The necessity to prove guilt beyond a reasonable doubt is illustrated by prior holdings. For example, in Crisman v. Commonwealth, 197 Va. 17, 87 S.E.2d 796 (1955), the police officer who detained the occupants of a car testified that he had been watching a house where illegal activities were suspected, that the car stopped in front of the house, and that the two defendants entered the house, remained a short time, and reentered the car. When the officer stopped the car, it was occupied by three individuals in the front seat and the two defendants in the rear seat. All the occupants denied possession of the heroin that was on floor in front of the rear seat. The Supreme Court held that the evidence was insufficient to sustain a conviction for drug possession, noting that any one of the five men in the vehicle could have dropped the heroin on the floor, or it could have been placed there earlier by some unknown party, and that no proof established ownership of the heroin or identity of the person who placed it on floor of the car. Id. at 20, 87 S.E.2d at 798-99. In reversing the conviction, the Supreme Court explained that “our system of law [requires] that before life or liberty is exacted the evidence shall leave no reasonable doubt of the defendant’s guilt.” Id. at 21, 87 S.E.2d at 799.
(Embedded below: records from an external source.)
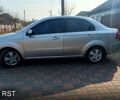 Серый Шевроле Авео, объемом двигателя 1.6 л и пробегом 252 тыс. км за 3350 $, фото 11 на Automoto.ua
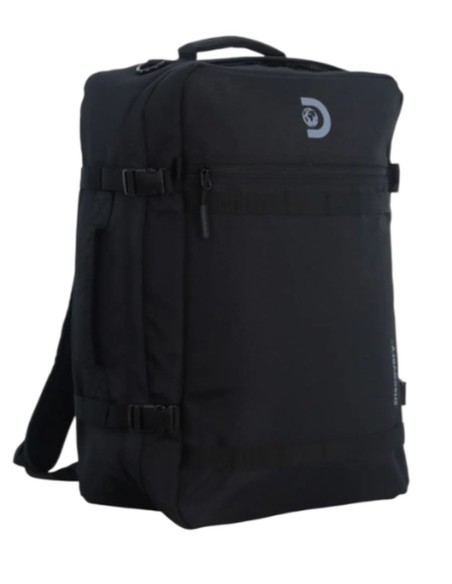 Mochila - Maleta de Viaje Discovery Andes - Portátil 17'' Negro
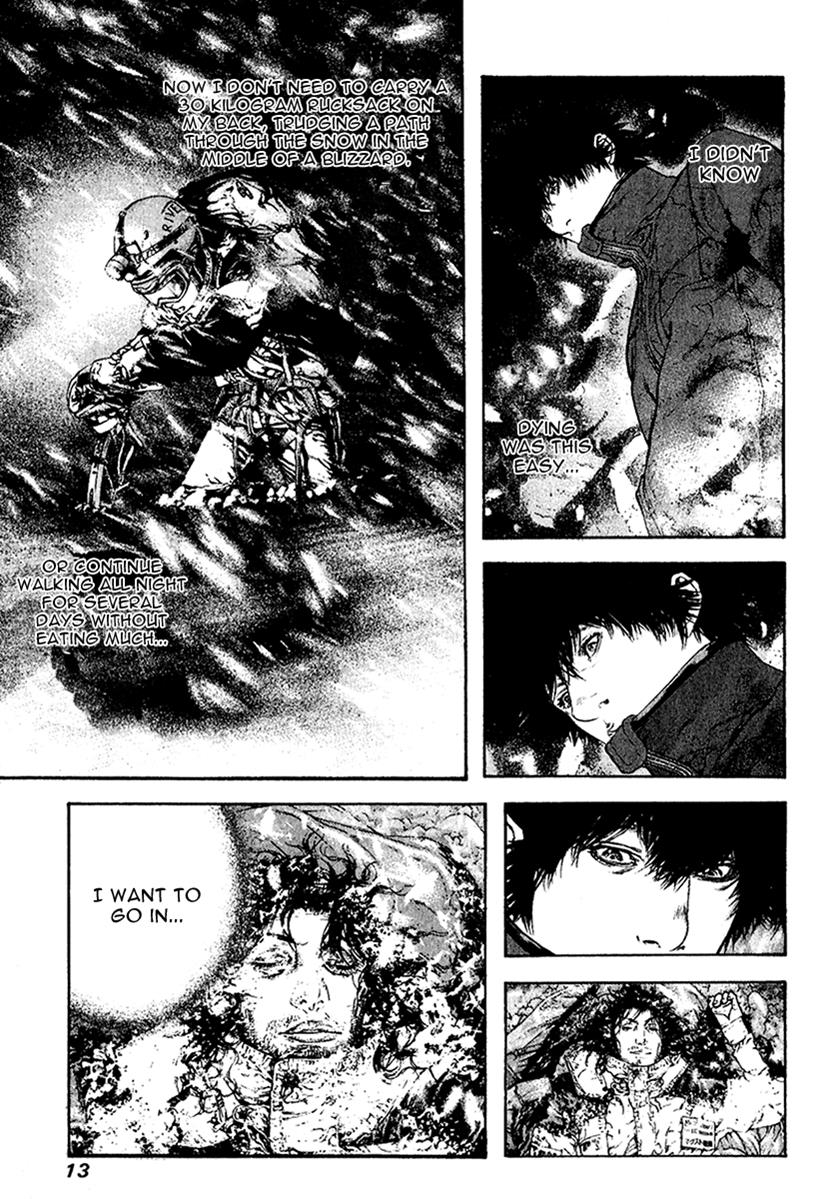 Read The Climber Manga Online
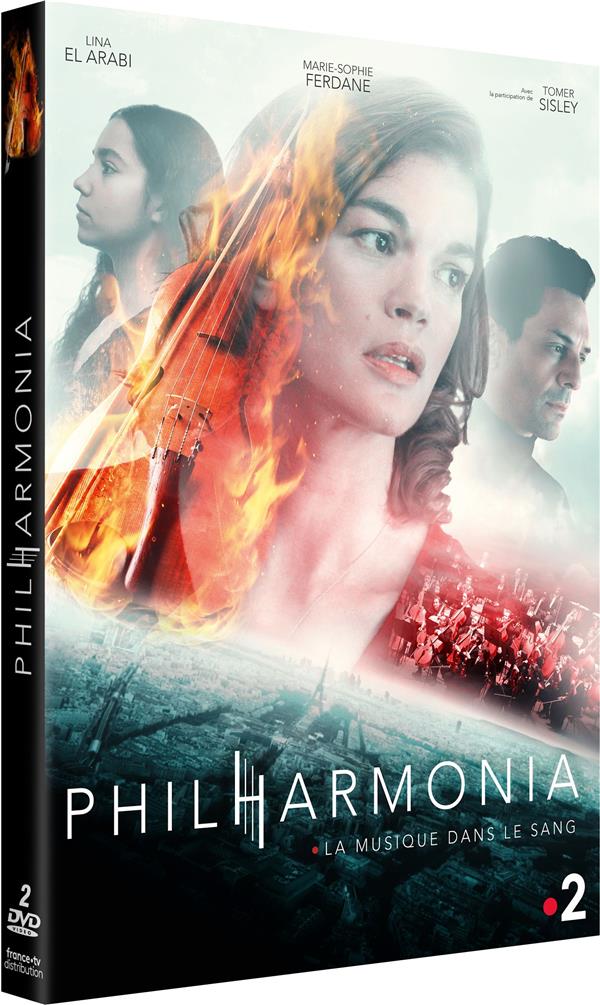 Philharmonia [DVD] - flash vidéo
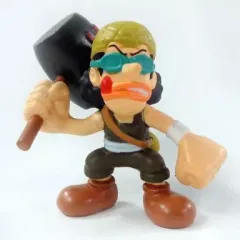 【中古】食玩 トレーディングフィギュア ウソップ ワンピースワールド2 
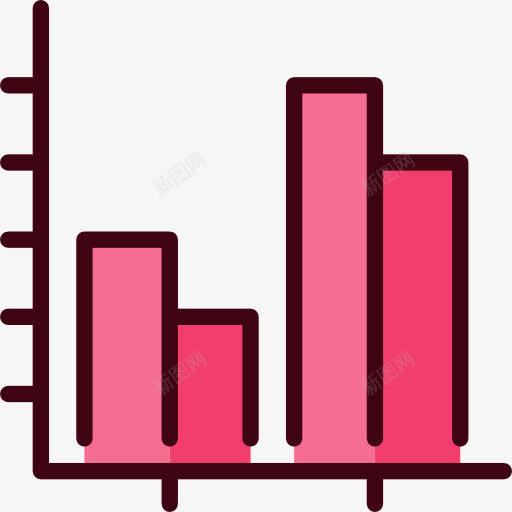 统计图标png_新图网 https://ixintu.com 图形 图形业务 图表 数据 统计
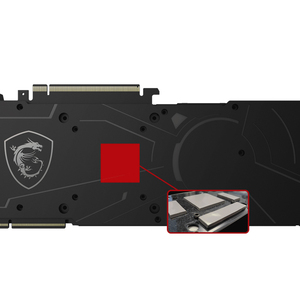 การ์ดจอ GeForce RTX 2080 AERO 8G มือสอง สำหรับเล่นเกม พร้อมหน่วยความจำ GDDR6 256-bit 2080/Super 2070/2070 Super /2060 2060 Super GPU MSI - Product Image 6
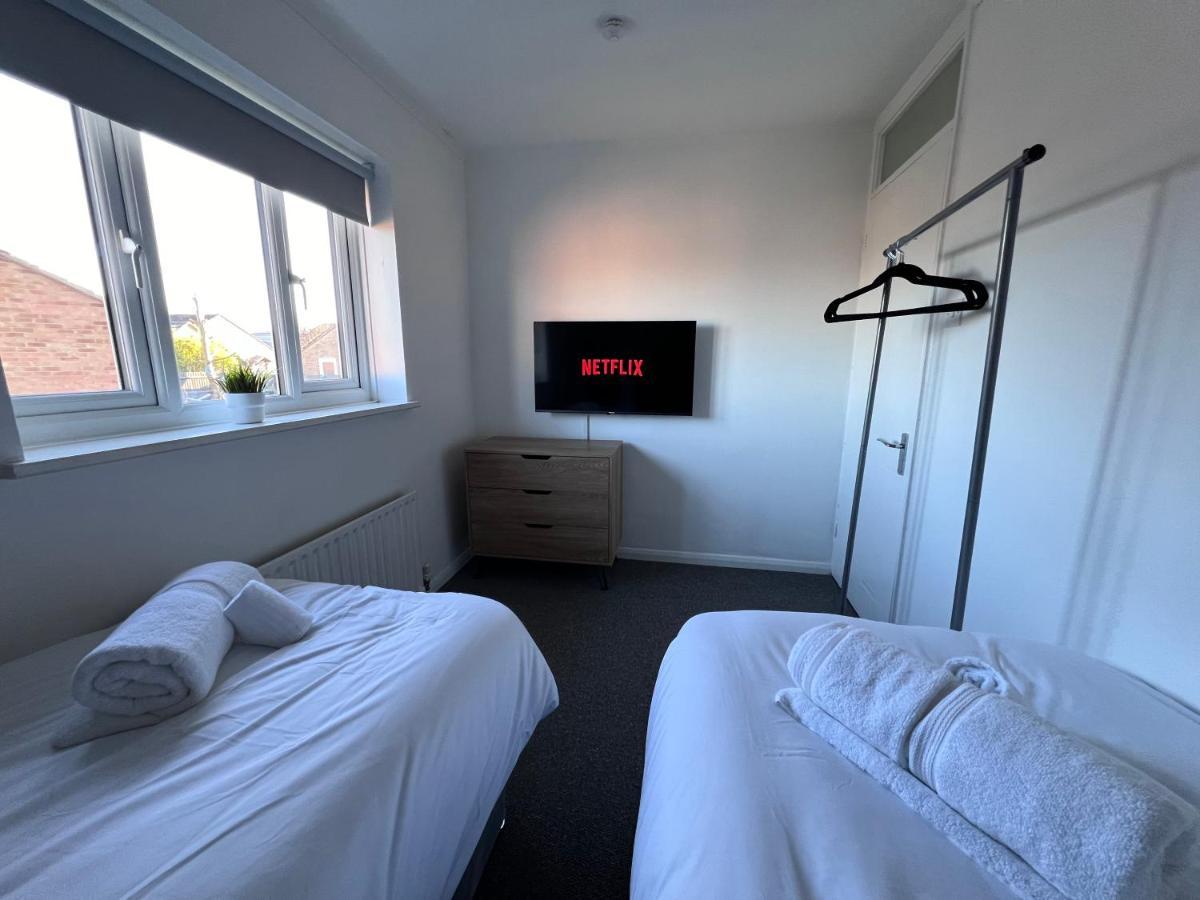 Appartement Frensham House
“Possession with intent to distribute is a crime which requires ‘an act coupled with a specific intent.'” Stanley v. Commonwealth, 12 Va. App. 867, 869, 407 S.E.2d 13, 15 (1991) (en banc) (citation omitted). “It is elementary that where, as here, an indictment charges an offense which consists of an act combined with a particular intent, proof of the intent is essential to conviction.” Patterson v. Commonwealth, 215 Va. 698, 699, 213 S.E.2d 752, 753 (1975). Moreover, the Commonwealth must prove specific intent, an element of the charged offense, beyond a reasonable doubt. See Jackson v. Virginia, 443 U.S. 307, 315-16 (1979); In re Winship, 397 U.S. 358, 363 (1970). Therefore, “[e]xistence of the intent . . . cannot be based upon surmise or speculation.” Patterson, 215 Va. at 699, 213 S.E.2d at 753.

The principle is well established in Virginia that a relatively small quantity of cocaine warrants the inference that an accused possessed it for personal use. See Dukes v. Commonwealth, 227 Va. 119, 122, 313 S.E.2d 382, 383 (1984). The police seized only 2.45 grams of cocaine. Moreover, the officer testified that any user of cocaine could buy twelve “rocks at one time, packaged the exact same . . . way.” Thus, as in Dukes, “[t]he mode of packaging [of the cocaine] and the way the [package was] hidden are as consistent with possession for personal use as they are with intent to distribute.” 227 Va. at 123, 313 S.E.2d at 384. In addition, the officer testified that the twelve pieces of cocaine he seized could be consumed “four in a day” by a user. Thus, the evidence proved a user could consume the seized cocaine within three days. No evidence indicated an intent to distribute. I would hold, therefore, that this evidence manifestly failed to prove an intent to distribute the cocaine.


[1] * Pursuant to Code ??17.1-413, this opinion is not designated for publication.

[2] Unless the fact finder acted unreasonably, we consider it our duty not to “substitute our judgment for that of the trier of fact, even were our opinion to differ.” Wactor, 38 Va. App. at 380, 564 S.E.2d at 162 (citing Commonwealth v. Presley, 256 Va. 465, 466, 507 S.E.2d 72, 72 (1998)); see also Dowden v. Commonwealth, 260 Va. 459, 467, 536 S.E.2d 437, 467 (2000); Pease, 39 Va. App. at 355, 573 S.E.2d at 278; Harris v. Commonwealth, 38 Va. App. 680, 691, 568 S.E.2d 385, 390 (2002).

[3] See, e.g., Colbert, 219 Va. at 4, 244 S.E.2d at 749 (large amount of cash raised inference that defendant had “consummated numerous sales” prior to his arrest); Langston v. Commonwealth, 28 Va. App. 276, 286, 504 S.E.2d 380, 385 (1998) (“The trial court could have inferred this money was the fruit of several drug transactions.”).